The records =>
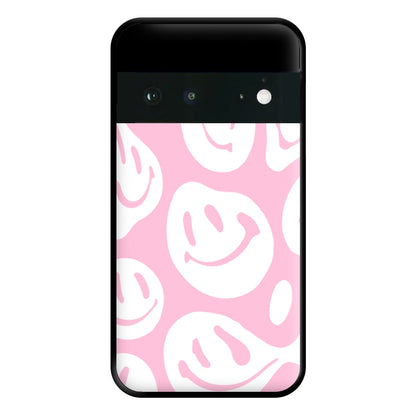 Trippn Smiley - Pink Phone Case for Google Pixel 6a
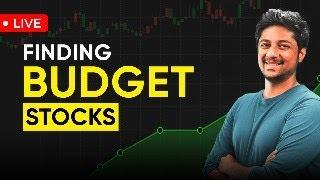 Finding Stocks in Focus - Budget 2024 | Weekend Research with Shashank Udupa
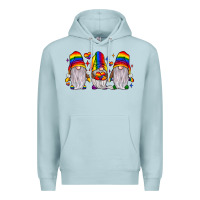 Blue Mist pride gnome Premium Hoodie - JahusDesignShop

--

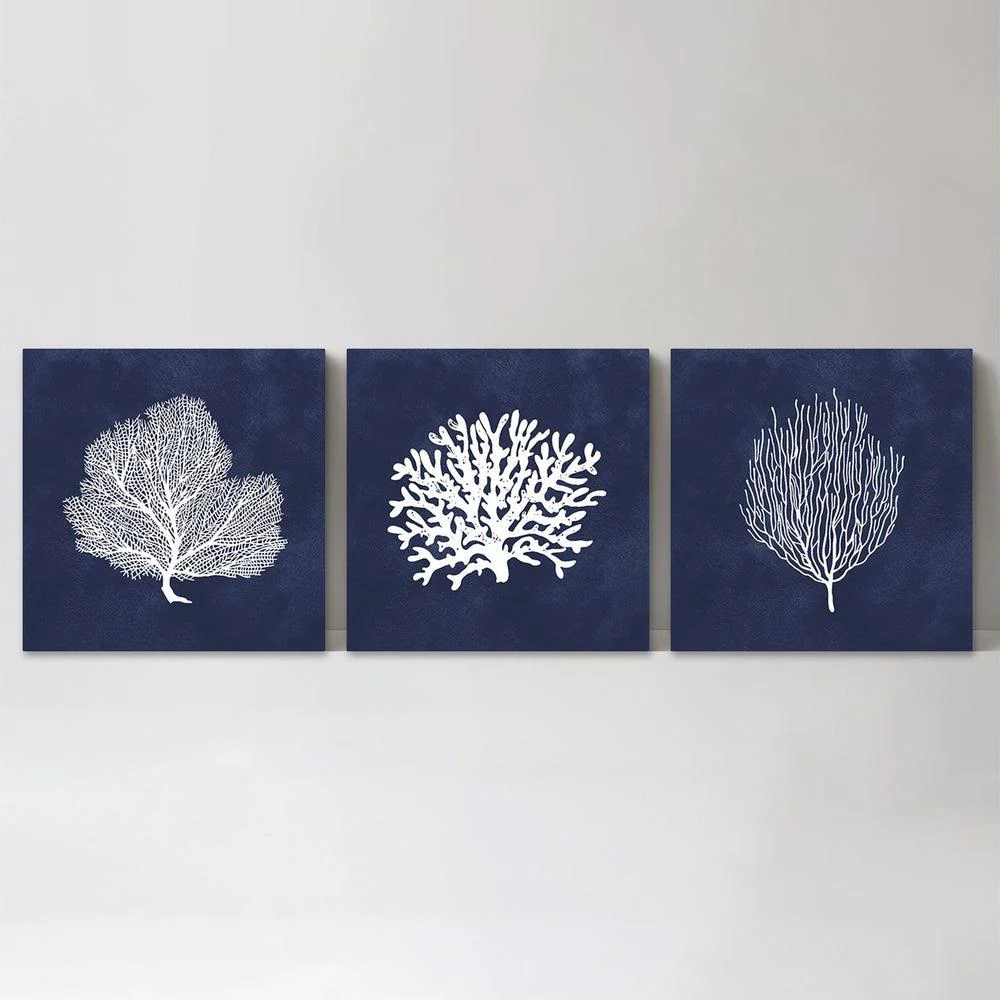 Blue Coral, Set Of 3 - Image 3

--

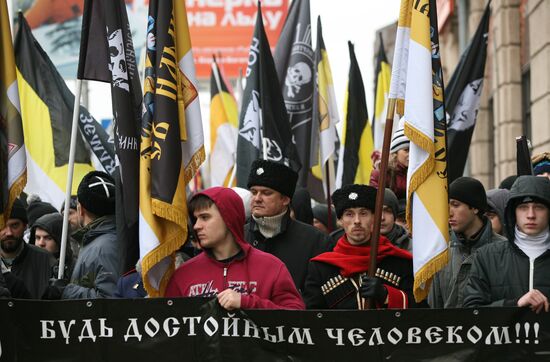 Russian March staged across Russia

Task brief =>
In the listing above, find the line containing "Trippn Smiley - Pink". Output it and every line after it up to and including the line containing "Blue Mist pride", exactly, but skip the pictures.

Written answer =>
 Trippn Smiley - Pink Phone Case for Google Pixel 6a
 Finding Stocks in Focus - Budget 2024 | Weekend Research with Shashank Udupa
 Blue Mist pride gnome Premium Hoodie - JahusDesignShop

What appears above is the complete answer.